Simple Self-Care Practices For Busy Moms

Self-care for moms is important to maintain the physical and emotional health of busy and timeless moms
Simple Self-Care Practices for Busy Moms

More and more people are beginning to realize that self-care is not a matter of selfishness. On the contrary, taking care of yourself is the first step to taking good care of others. If you are a mother or father, this statement makes even more sense. This article focuses on self-care practices for moms, especially busy moms. Those who, when they put on the “super mom” outfit, forget about themselves.

It is time to push away the popular belief among many women that since their family comes first, dedicating time and resources to themselves is a selfish act. As a mother you must be clear that to take care of your children you have to take care of yourself, that to love your children you have to love yourself. What would you be teaching them then?

Self-care is a fundamental part of any wellness routine. But it is more than just taking care of yourself on the outside. It is above all a question of health. Self-care encompasses many aspects of our life. From the practical to the physical and the mental and, of course, the spiritual. Therefore, each one must define what self-care means for himself. That is, what aspects of your life do you want to take care of.

Creating Self-Care Moments for Busy Moms

We are not going to try to convince you of how important it is that you pamper your skin or hair, that you take care of what you eat or that you exercise. You already know that. What we want is to give you strategies and tools to reconnect with yourself, to recharge your batteries and move on. 

We agree that taking time for self-care can be especially challenging for mothers.  And it is because finding time is almost impossible. That is why the challenge is to create it, to invent it. Yes, it is a question of creativity.

It’s about turning the moments when you don’t do anything in particular into moments for self-care. Learn to differentiate what is important from what is not. Invest those minutes and do something to your advantage. You can also take some time from other tasks and invest it in yourself. Be creative and listen to your body. Learn to relax and unwind.

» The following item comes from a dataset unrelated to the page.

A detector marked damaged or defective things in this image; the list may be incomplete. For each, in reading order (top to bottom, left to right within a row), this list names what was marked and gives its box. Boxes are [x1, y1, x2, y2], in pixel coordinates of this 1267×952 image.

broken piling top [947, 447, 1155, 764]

Next we are going to see a series of self-care practices focused on busy moms. They are practices that you can incorporate into your day to day, without time excuses. You just have to find a few minutes to put them into practice and return to your center.

Mother worried about her time

Put your legs up

Lifting your legs will not only help you feel less heavy  or fight inflammation caused by various health conditions. If you suffer from this condition, you may notice relief, at least momentary. If you want, close your eyes and leave your mind as blank as possible.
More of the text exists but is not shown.